Activity: From the material below, retype exactly the lines that begin at the line with "JacquesRoughcut Italic uppercase A-Z preview" and end after the line with "Dog Calming Bed"; pictures stay out of the copy.

Data to examine:
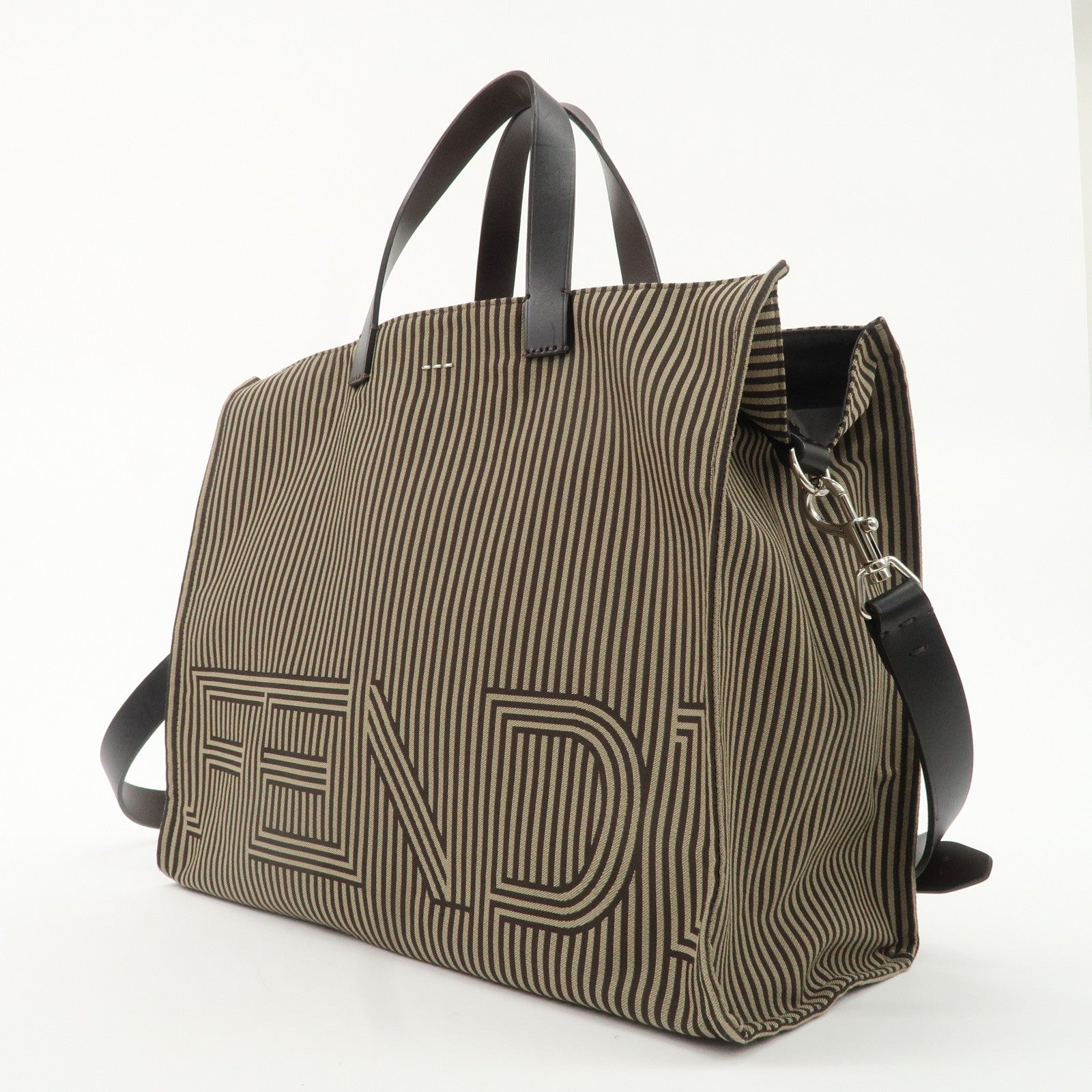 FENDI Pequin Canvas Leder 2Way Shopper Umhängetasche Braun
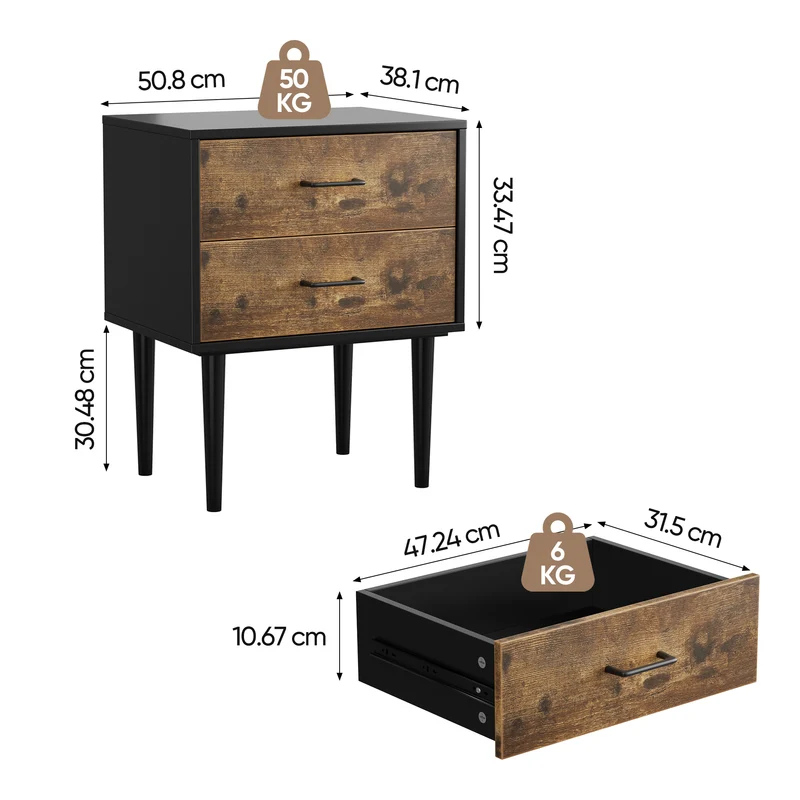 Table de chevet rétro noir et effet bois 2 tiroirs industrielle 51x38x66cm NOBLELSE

---

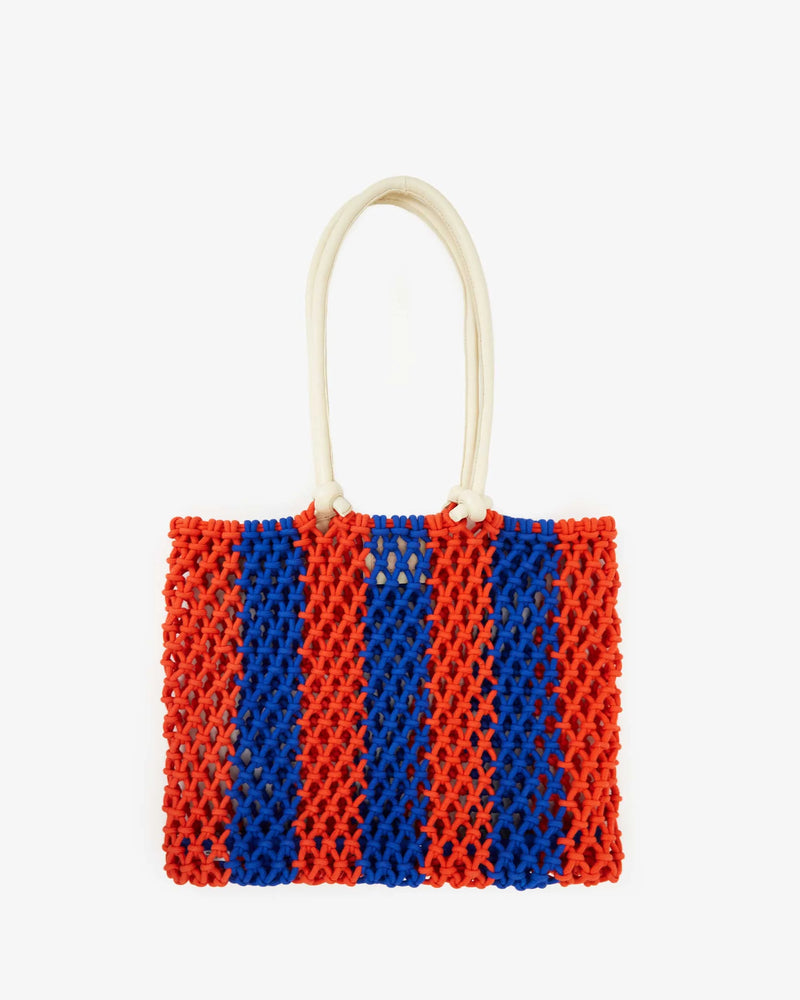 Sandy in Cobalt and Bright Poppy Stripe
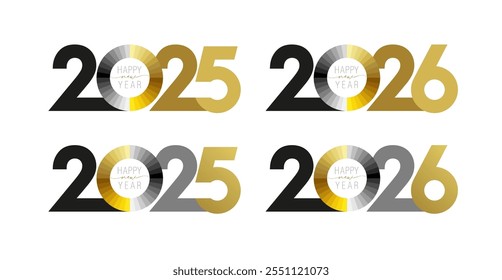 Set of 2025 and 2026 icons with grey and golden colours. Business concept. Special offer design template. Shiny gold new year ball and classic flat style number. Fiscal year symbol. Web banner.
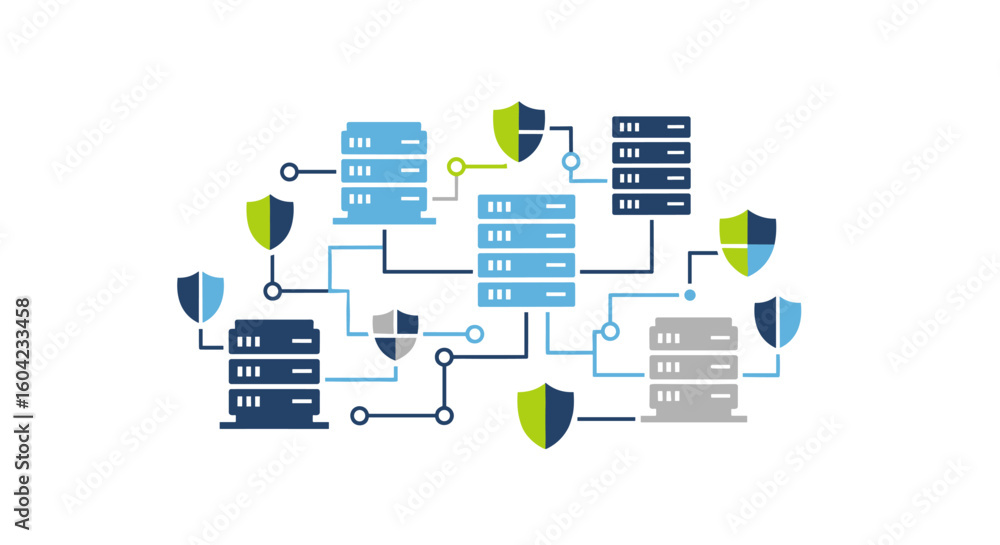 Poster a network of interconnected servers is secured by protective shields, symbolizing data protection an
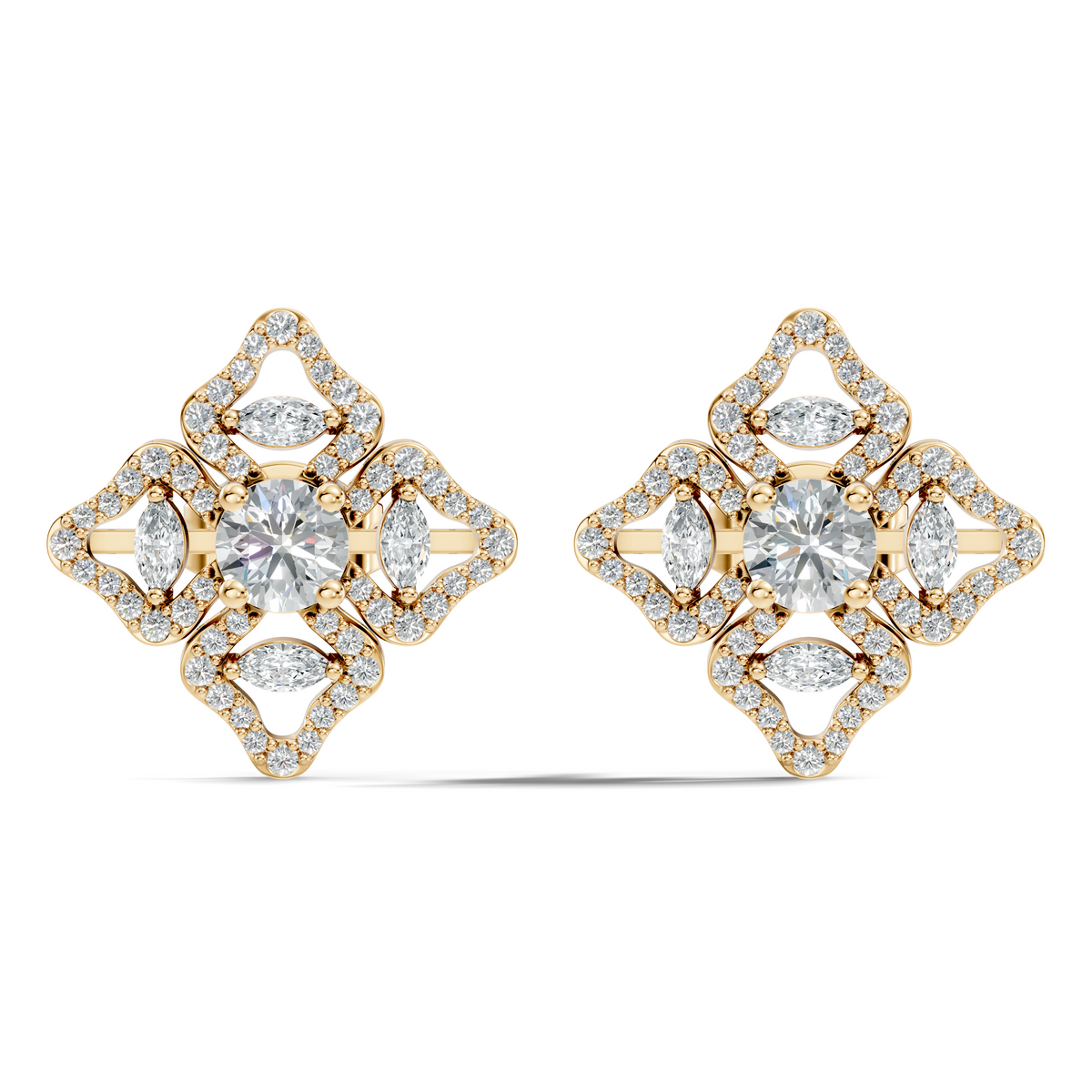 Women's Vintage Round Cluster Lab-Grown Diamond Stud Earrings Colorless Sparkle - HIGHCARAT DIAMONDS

* * *

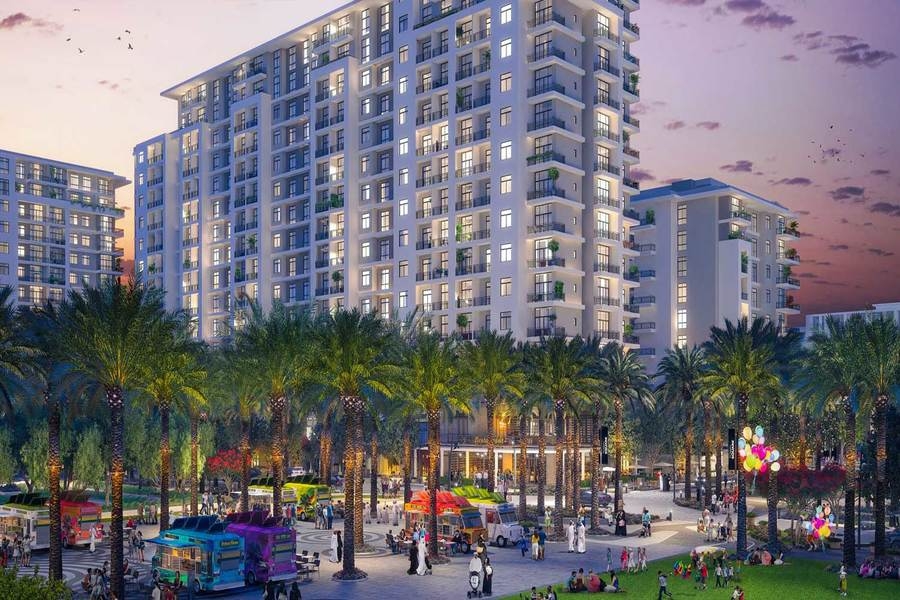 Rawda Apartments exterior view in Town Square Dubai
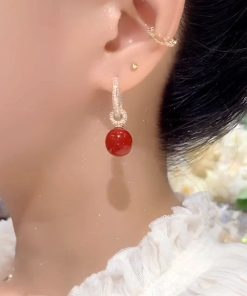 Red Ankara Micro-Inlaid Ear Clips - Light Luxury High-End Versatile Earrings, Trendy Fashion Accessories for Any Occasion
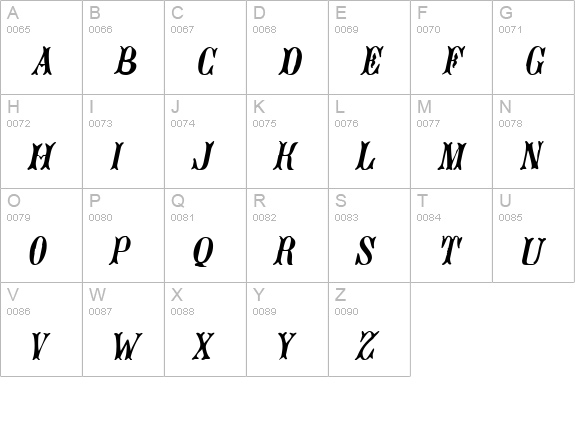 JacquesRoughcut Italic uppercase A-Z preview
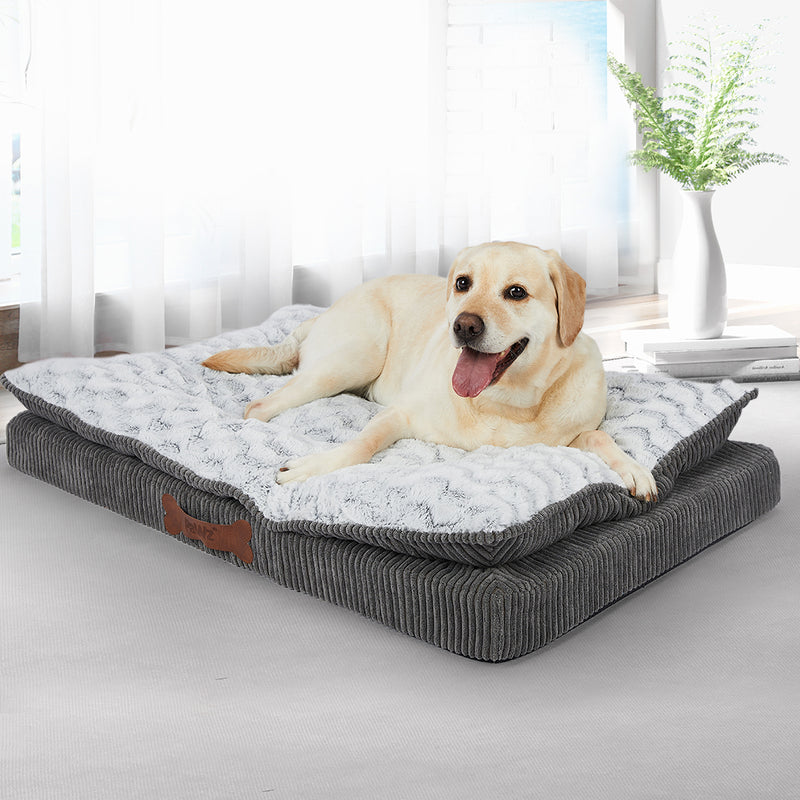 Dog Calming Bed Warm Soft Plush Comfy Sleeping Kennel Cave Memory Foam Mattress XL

Task output:
 JacquesRoughcut Italic uppercase A-Z preview
 Dog Calming Bed Warm Soft Plush Comfy Sleeping Kennel Cave Memory Foam Mattress XL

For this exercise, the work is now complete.